Number Two: Embrace vouchers

Being for school choice is great, because it works. It gives parents the right to have a say in how to educate their own kids, and it’s an important lever for change in the entirety of public education. While you can and should applaud and support the diversity of choice programs that are in place nationwide, it’s also important to use your public position to advocate for expanding the most impactful school choice programs. Today some 14 different school choice programs provide numerous options among private schools to parents who are poor, parents who have children with special needs, parents who live in certain cities, and now, thanks to Nevada, any parent anywhere in that state. Many of these impressive programs provide tax credits and third-party scholarships to families making choices difficult to navigate and often difficult to afford. They are great programs, all of them, and provide parents with some to lots of power. However real power for parents comes from having direct purchasing power in the form of vouchers. Money moves with the parent, putting the school they left in a defensive (and often more competitive posture) and enabling other schools to vie for the privilege of educating their child.

Many legislators, opponents and even advocates point to legal and constitutional barriers as a reason not to push vouchers in a majority of states. We should, however, be willing to challenge the wrongheaded constitutional bans based on religious discrimination, and so my presidential candidate will demand that states not only consider full-scale voucher programs that help the poorest among us, but will challenge any state ban that is rooted in discrimination of any sort to change or be challenged. Let’s get the issue more forcefully on the national table and reengage all in a critical aspect of social justice for all.

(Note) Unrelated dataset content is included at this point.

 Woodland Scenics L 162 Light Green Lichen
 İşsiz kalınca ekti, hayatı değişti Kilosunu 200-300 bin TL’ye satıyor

Number Three: High standards come in all shapes and sizes

The third principle that my candidate would stand for is a willingness to endorse and support the highest of educational standards, and appreciate that whether or not it sounds chaotic, state and local communities do indeed have every right to determine what they believe are the best standards for their kids. Yes, there is no doubt that uniform expectations for math and reading should be applied to all students, however, when it comes to matters of science, history and literature, expectations for students are wide and varied. Rarely do we hear a presidential candidate demand that we teach our students every bit of foundational content critical for them to be productive actors in our rich American tapestry.

There has yet to be any national effort that fosters among our students a deep understanding of the principles of our nation, important battles fought throughout our nation’s history, aspects of international relations to demonstrate America’s clear exceptionality and the kind of literature rooted in the 18th, 19th, and 20th century. Most common curriculum and standards today are politically correct and emphasize only what is contemporary.

At the national level, when this discussion ensues it normally descends into a battle of what history is most relevant. Most states and local communities understand that’s not acceptable so let’s allow states and communities to battle over standards, which is their constitutional right. Then a president can provide leadership at the national level that simply reinforces and addresses the importance of educational excellence and incentivizes that at the local level.

There are many other things my presidential candidate would do, from ensuring flexibility and freedom for higher-education institutions, to treating all educational organizations regardless of their tax status equally based on results, to reducing bureaucracy that directs states, districts and schools how to spend money they get and at the same time, to being willing to penalize states and communities who treat students and children badly. For now, though, I’ll take the top three.